#### [WHAT THE TASK REQUIRES]
The answer should hold only the lines from the beginning of the listing below to the line containing "Sucking my real looking dildo", both included, with every picture left out.

#### [RECORDS PROVIDED]
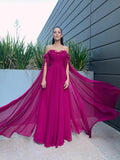 A-Line/Princess Chiffon Floor-Length Long Sleeves Ruffles Off-the-Shoulder Dresses TPP0001439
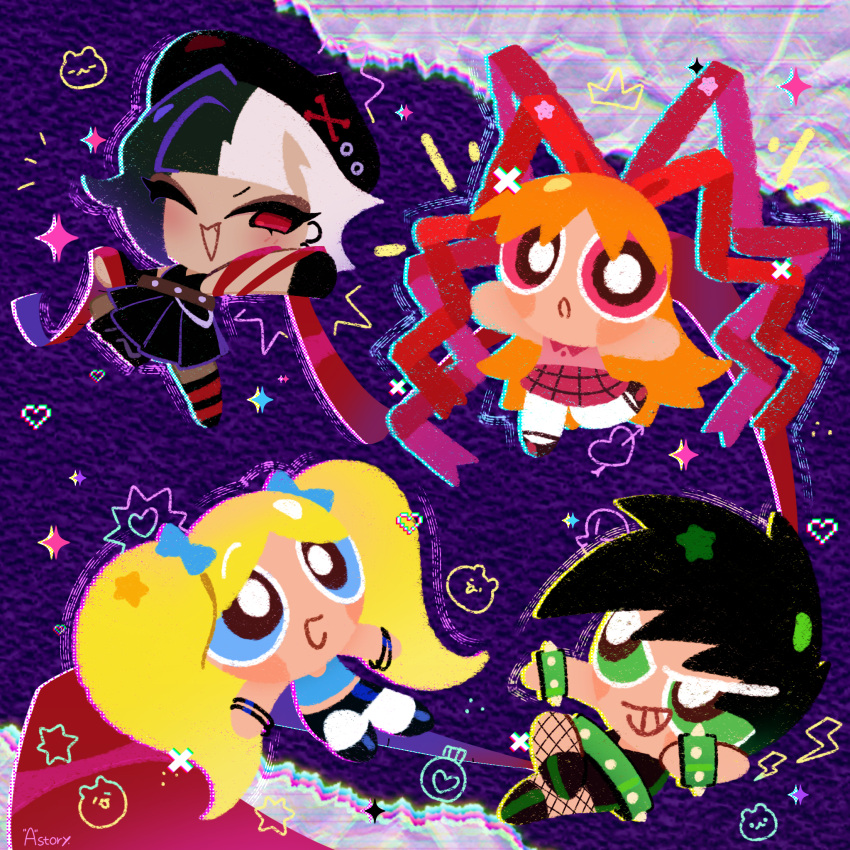 alternate_costume, beret, black_hair, black_skirt, blonde_hair, blossom_cookie, blue_eyes, blue_shirt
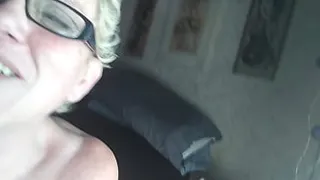 Sucking my real looking dildo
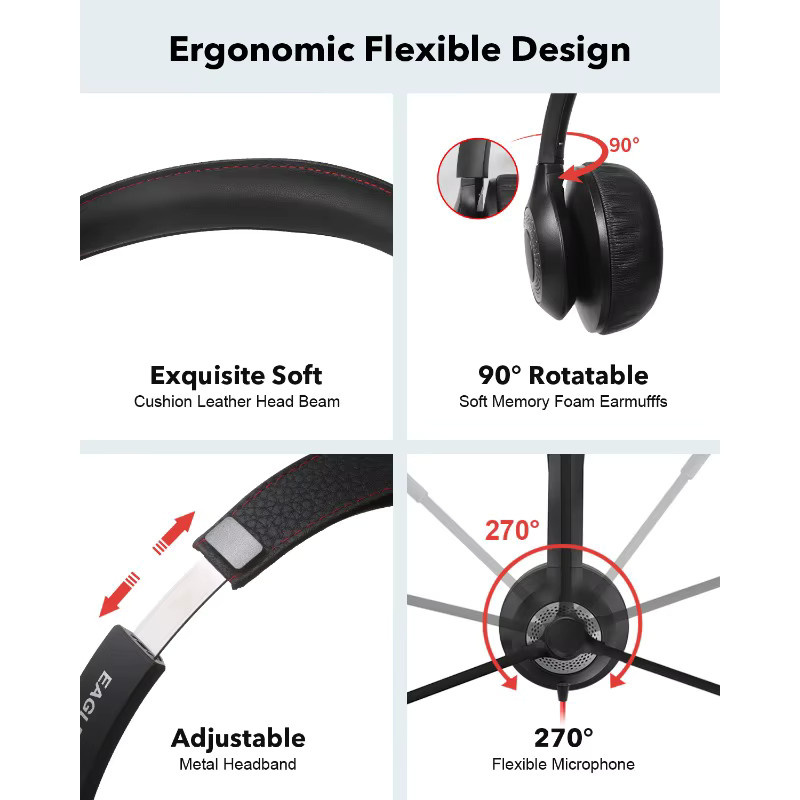 JIAMQISHI USB-Headset mit Geräuschunterdrückendem Mikrofon und Inline-Steuerung in Schwarz für PC, Homeoffice und Online-Kurse - Bild 5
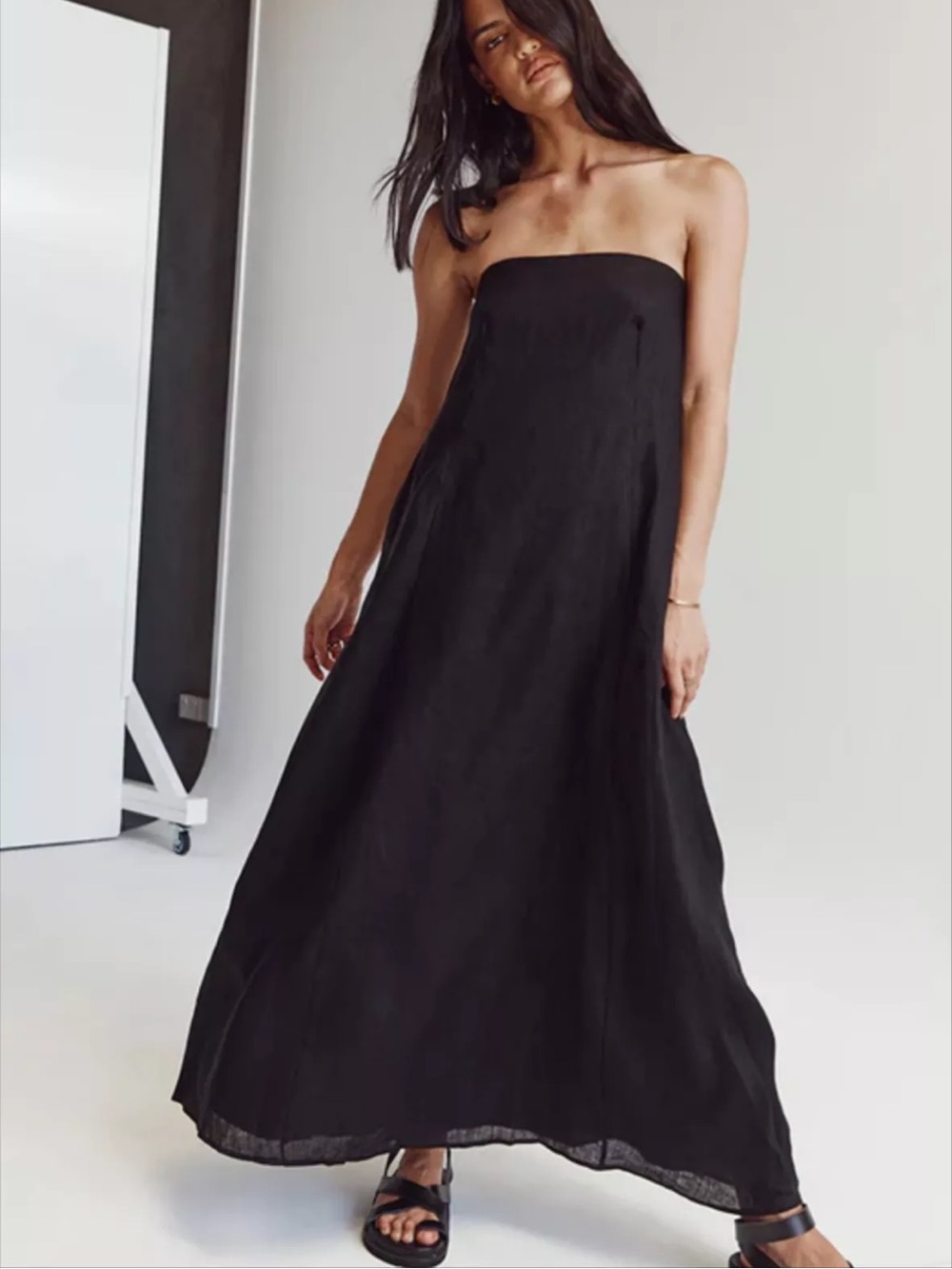 DISSH Black Linen Black Strapless Dress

#### [RESPONSE BOX]
 A-Line/Princess Chiffon Floor-Length Long Sleeves Ruffles Off-the-Shoulder Dresses TPP0001439
 alternate_costume, beret, black_hair, black_skirt, blonde_hair, blossom_cookie, blue_eyes, blue_shirt
 Sucking my real looking dildo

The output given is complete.